Hand-painted wine glasses glinted in the sun as Sylvania residents flocked to a recent Market on Main, an event featuring baked goods, homegrown produce, and many other items.
Arranged by the Downtown Sylvania Association, a nonprofit organization dedicated to the revitalization of the city’s downtown, the weekly farmers market is the group’s latest accomplishment under its new executive board, headed since March by President Jennifer Cummins Linehan. The new vice president is Angela Christensen.
“[Mrs. Linehan] has lots of enthusiasm. She’s young, she has great ideas, and she’s a hard worker, as is Angela,” said Jacquie Olender, Downtown Sylvania Association secretary. “They’re very vocal about shopping [at] small businesses. I think the Downtown Sylvania Association is very fortunate to have them both on board.”

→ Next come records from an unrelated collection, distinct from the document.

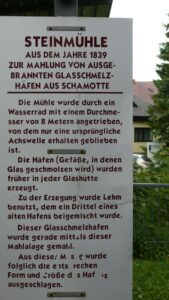 Erläuterungstafel über die Steinmühle aus dem Jahr 1839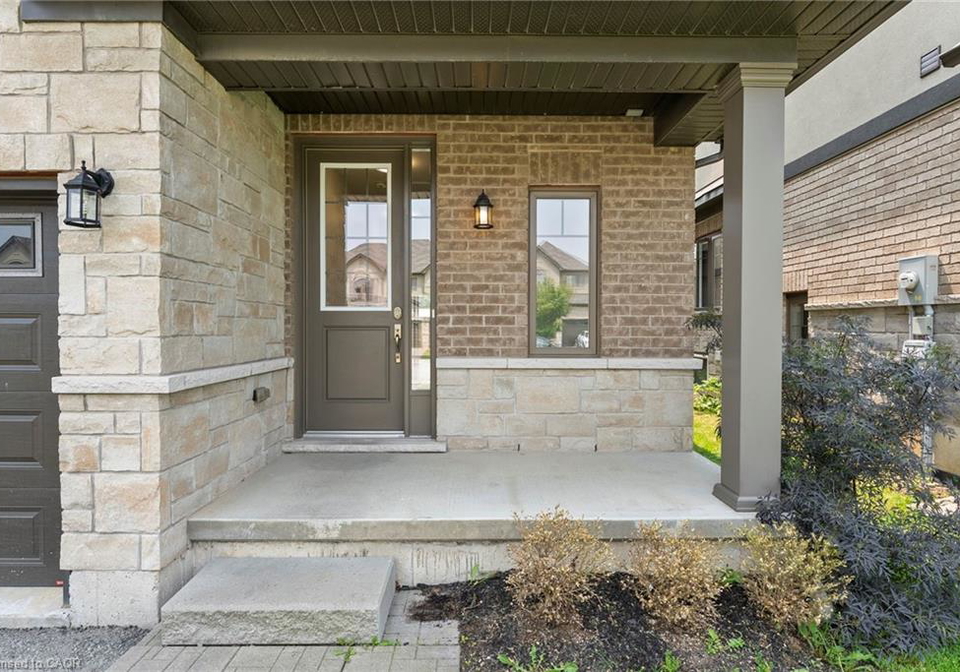 68-dodman-crescent-ancaster-ontario-40793102
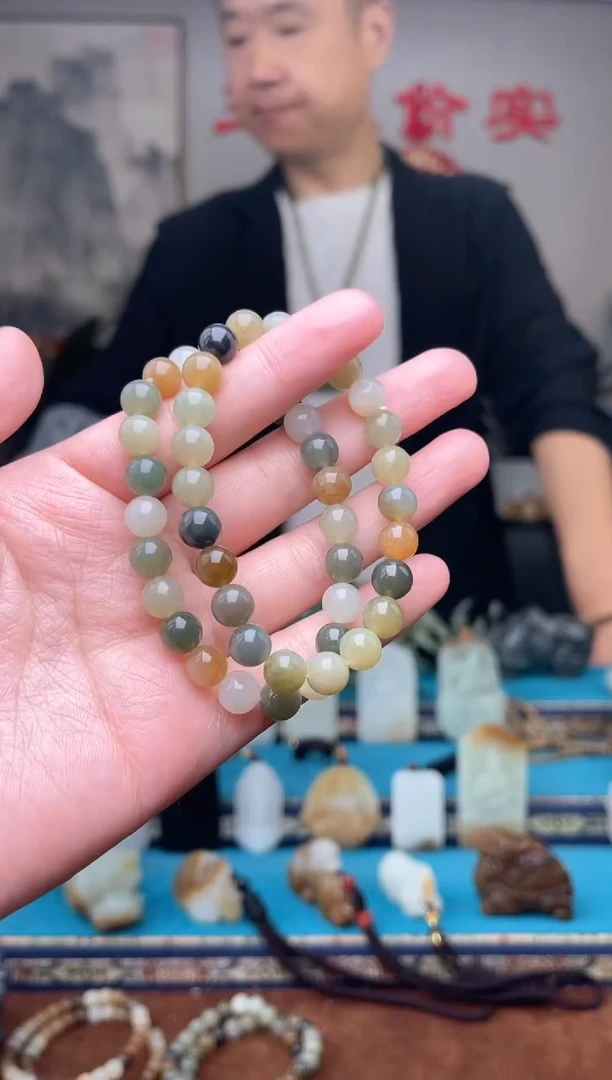 和田玉未镶嵌挂件多样性发 拍一发一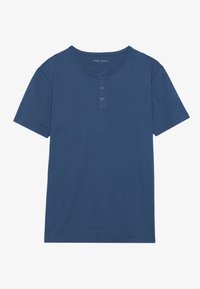 T-shirt a maniche corte blu navy con scollo rotondo e patta con tre bottoni, realizzato in morbido cotone con una texture liscia.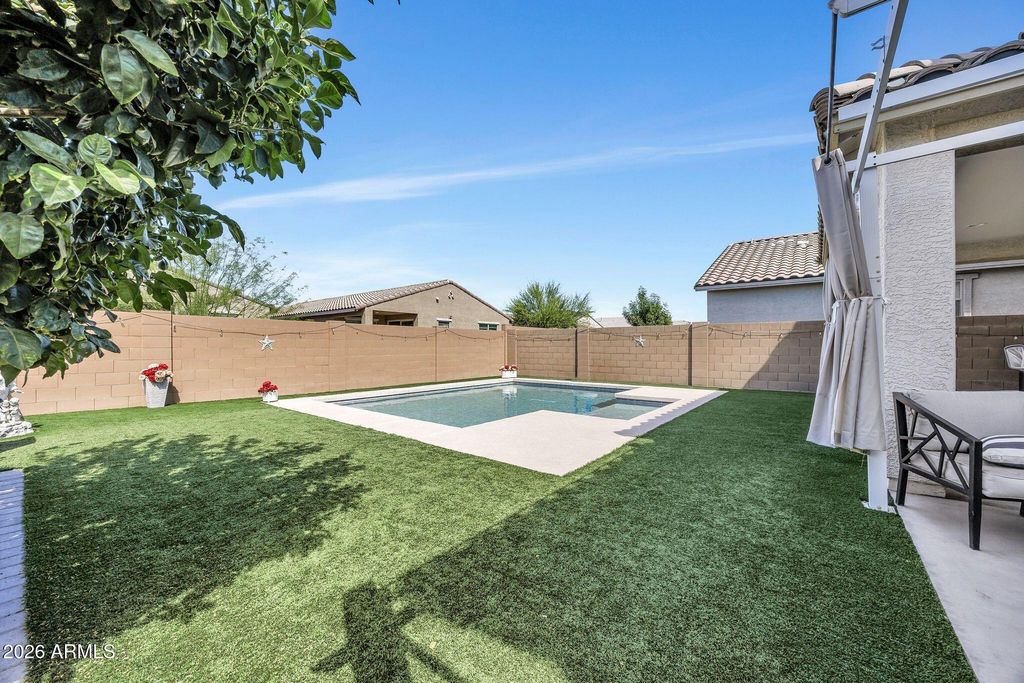 Image 30 of property listing at 25218 N 143RD Lane, Surprise, AZ 85387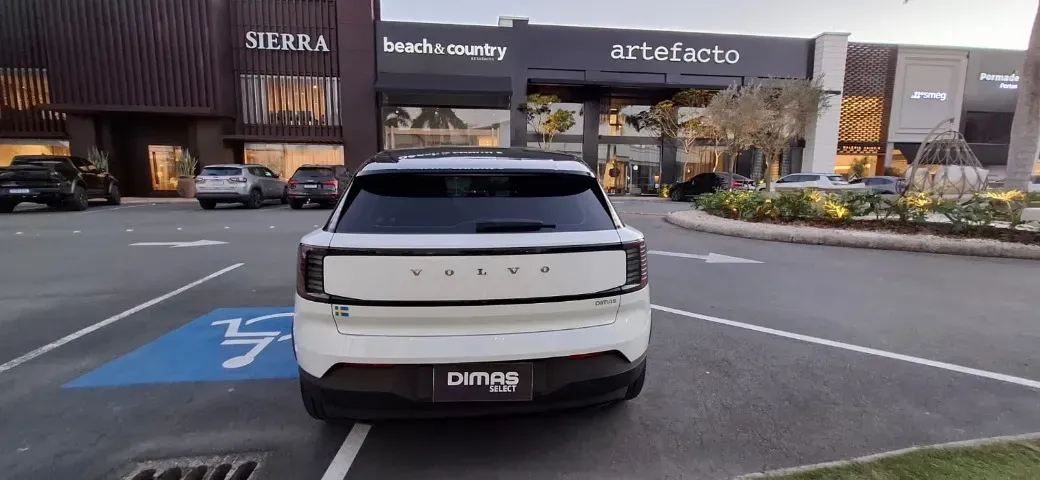 Volvo EX30 - Imagem 4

Mrs. Linehan and Mrs. Christensen, business owners in downtown Sylvania, have been involved with the association since its creation in February, 2011.
Born and raised in the city, Mrs. Linehan has owned a flower shop, Beautiful Blooms By Jen, since October, 2010. To help grow her business, Mrs. Linehan joined informal business associations as well as the Downtown Sylvania Association, and she became vice president soon after that organization formed.
She took over when former president and local business owner Jodi Barber stepped down because of health reasons.
“I’ve been kind of doing everything by myself since Jodi got sick, so I’m very excited [for Mrs. Christensen],” Mrs. Linehan said. “It’ll be nice to have a teammate to help with everything.”
An Ottawa Lake, Mich., native, Mrs. Christensen has operated Angela’s Angels & Antiques in downtown Sylvania for nine years. She bought a vacated dentist’s office after her 19-year-old son, Nick, was killed in a car accident, and she transformed the space into a shop selling angel figurines, statues, and gifts with inspirational messages.
Her store is a meeting place for support groups such as Families of Children United in Spirit (FOCUS), which offers comfort to parents who have lost their children, and A Place Called Hope, for grieving spouses, former drug addicts, and others in need of hope.
“After this happened with my son, I had a revelation — I don’t know why — to open an angel shop,” Mrs. Christensen said. “Now I know it’s to help others. My main focus is to be there for people who have had a loss.”
A Whiteford Township clerk, Mrs. Christensen was inspired by downtown revitalization initiatives in her home state and thought similar incentives could be applied in Ohio.
“[Sylvania] was one of the places I admired,” she said. “There’s always little flowers and banners and kids riding bikes. I would purposely drive down Main Street just to look at everything.”
The association has hosted three “Downtown Delights” events, during which shops and restaurants stay open from 5 to 8 p.m. Last July the association hosted the Sylvania Rockin’ BBQ.
On June 4, the executive board organized the farmers market, said Pat Nowak, executive director of the Sylvania Area Chamber of Commerce. About 15 vendors will sell produce and artisan crafts 4 to 7 p.m. every Tuesday until Oct. 1.
The association has raised $8,000 for downtown revitalization, such as to “make sidewalks and storefronts look prettier” with flowers, street art, and murals, Mrs. Christensen said.
Mrs. Linehan aims to attract more businesses to the downtown area to connect the main block of the downtown retail district with the more secluded second block.
“When people come [downtown], they don’t even realize there are other stores down there,” Mrs. Linehan said. “My hope is to bring businesses in so that there aren’t any empty spaces in downtown Sylvania.”
The Downtown Sylvania Association will provide food and refreshments for Taking It To The Streets, a downtown festival held in conjunction with the Marathon Classic Golf Tournament on July 18.